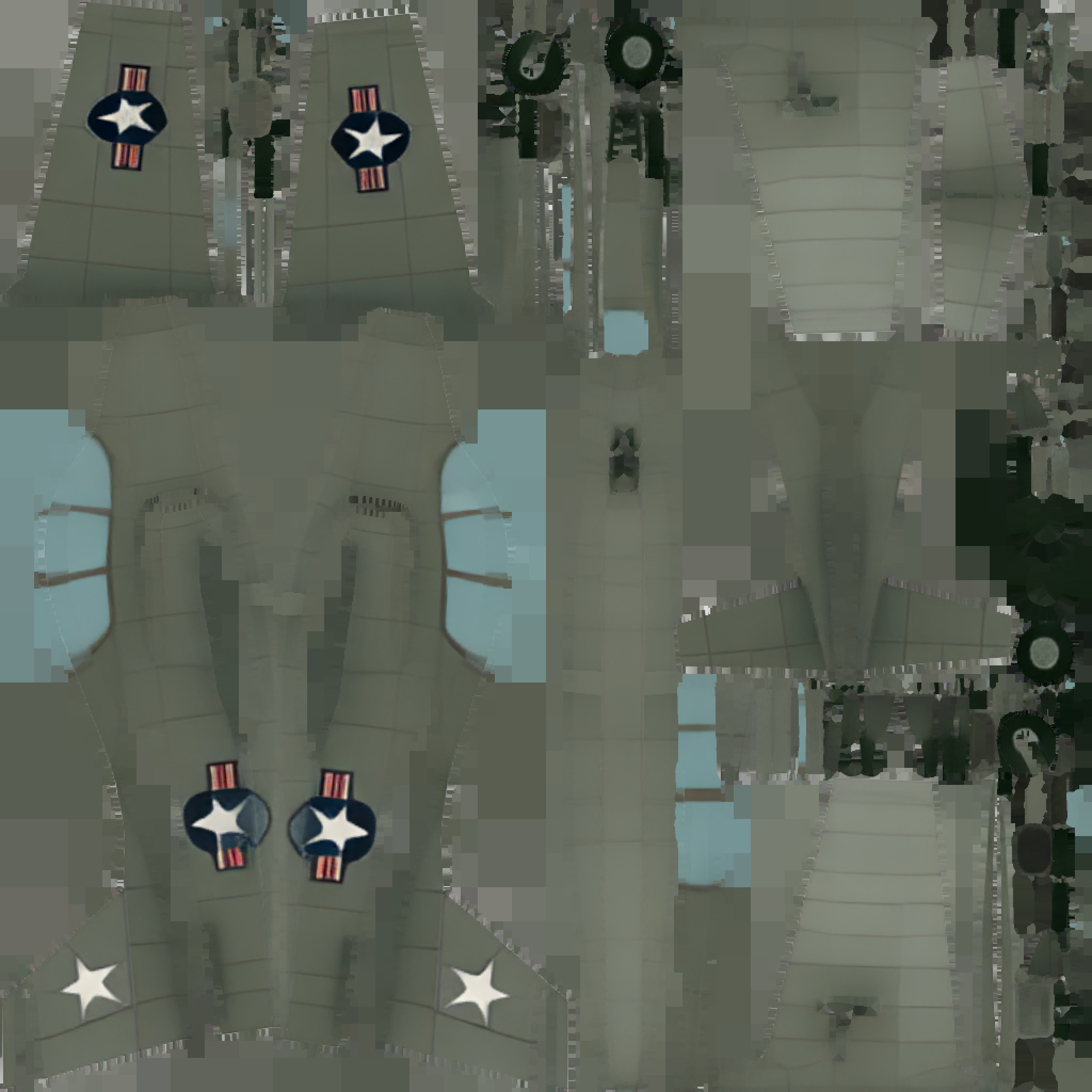 Spacecraft Jet aircraft plane 3dmodel 13 3D model_41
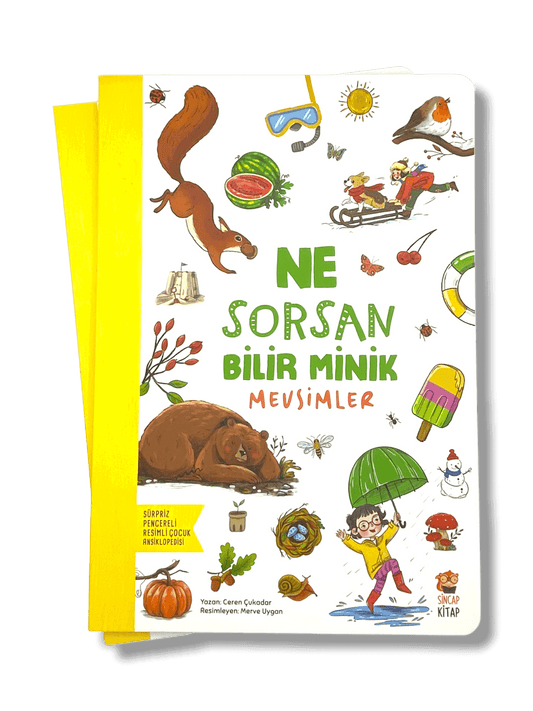 BENIM ILK BITKILER KITABIM 🍋 NE SORSAN BILIR MINIK - (My first book about plants)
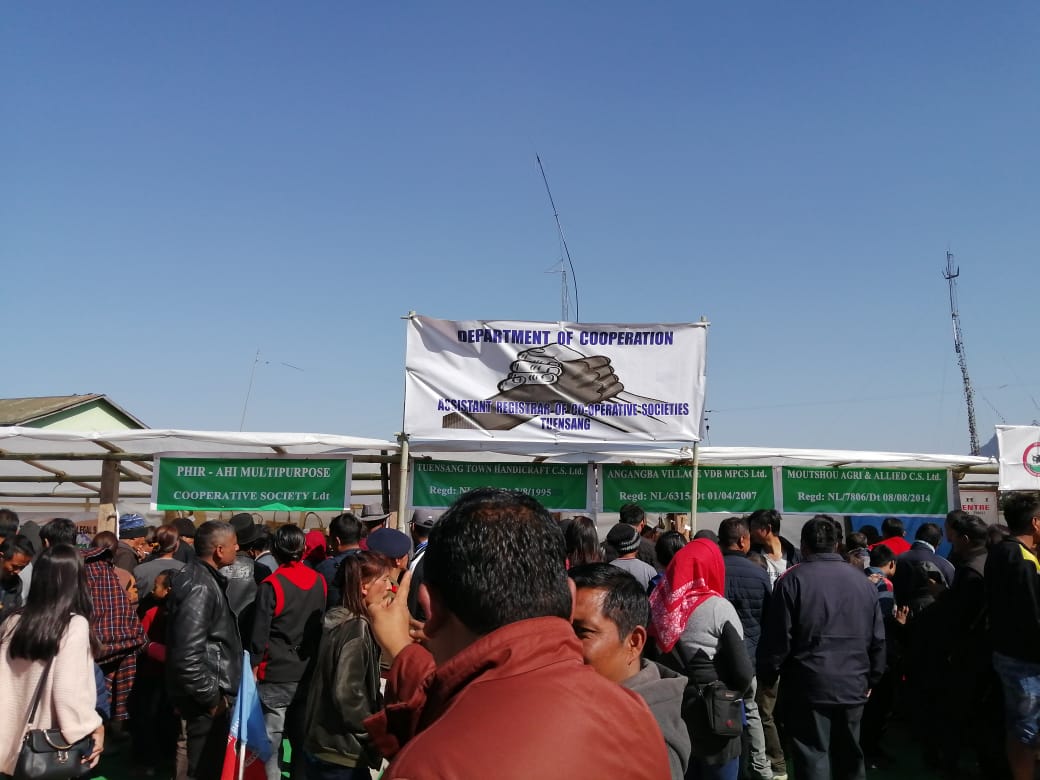 Exhibition by ARCS office Tuensang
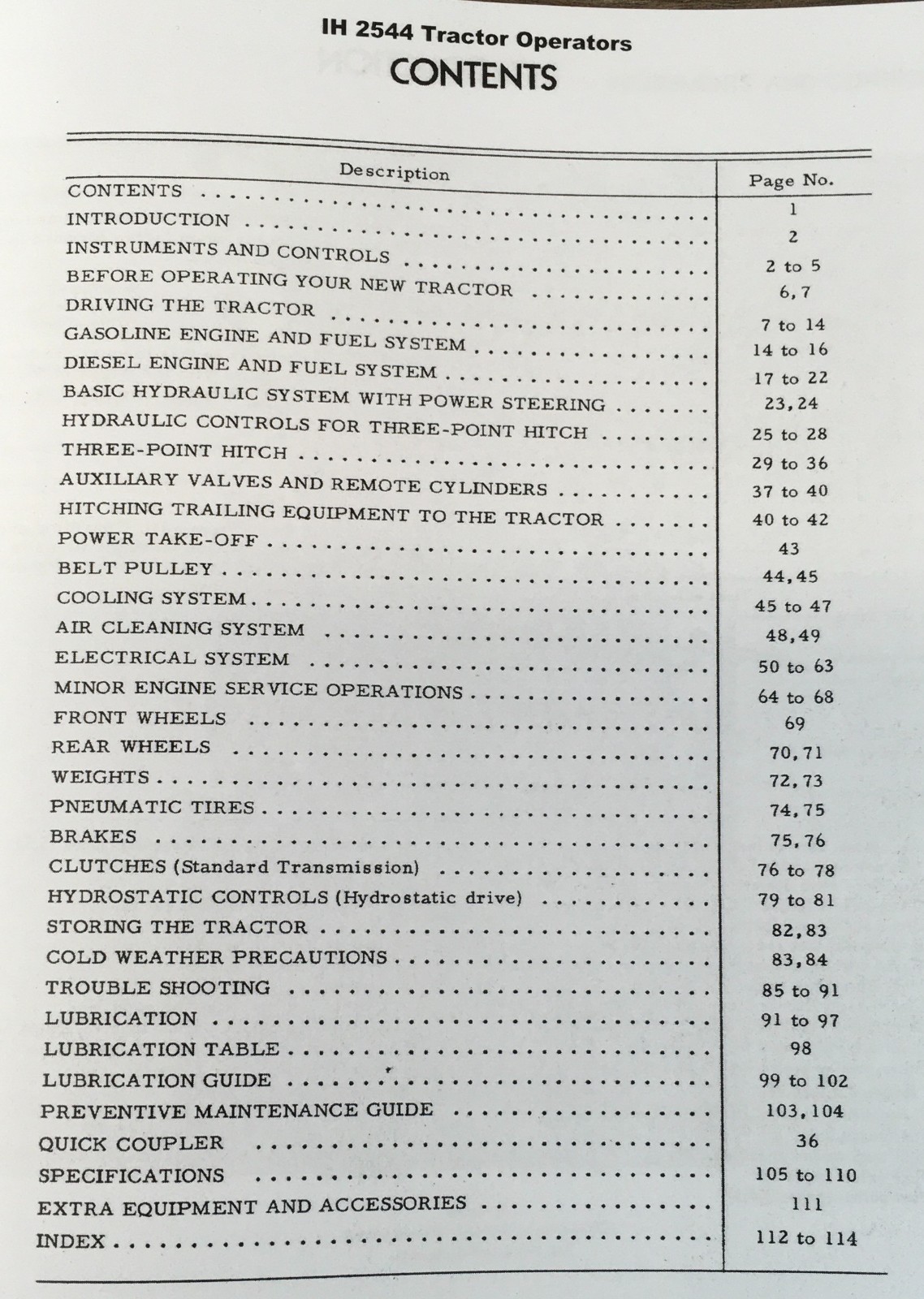 International 2544 Industrial Tractor Service Parts Operators Manual Set Repair - Image 2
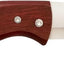 Cuchillo bolsillo plegable acero inox mango abedul rojo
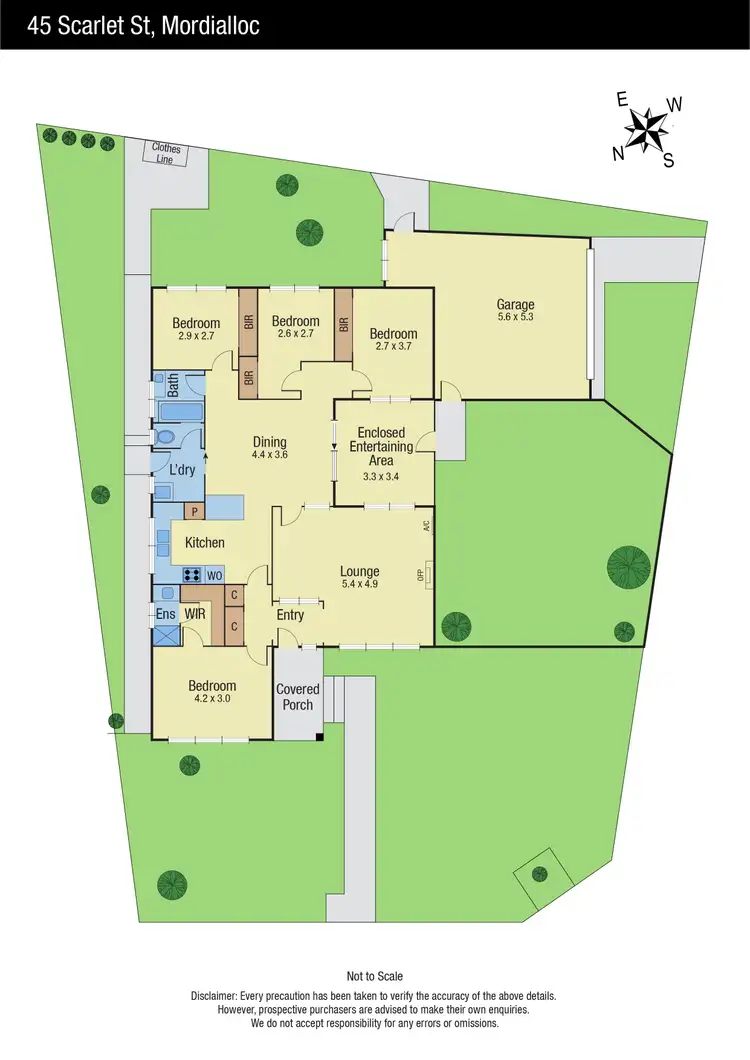 Floorplan of Homely house listing, 45 Scarlet Street, Mordialloc VIC 3195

◆ DIRECTIONS FOR THIS TASK ◆
Every entry must be transcribed exactly. Pictures do not belong in the copy.

◆ EXPECTED ANSWER ◆
 Spacecraft Jet aircraft plane 3dmodel 13 3D model_41
 BENIM ILK BITKILER KITABIM 🍋 NE SORSAN BILIR MINIK - (My first book about plants)
 Exhibition by ARCS office Tuensang
 International 2544 Industrial Tractor Service Parts Operators Manual Set Repair - Image 2
 Cuchillo bolsillo plegable acero inox mango abedul rojo
 Floorplan of Homely house listing, 45 Scarlet Street, Mordialloc VIC 3195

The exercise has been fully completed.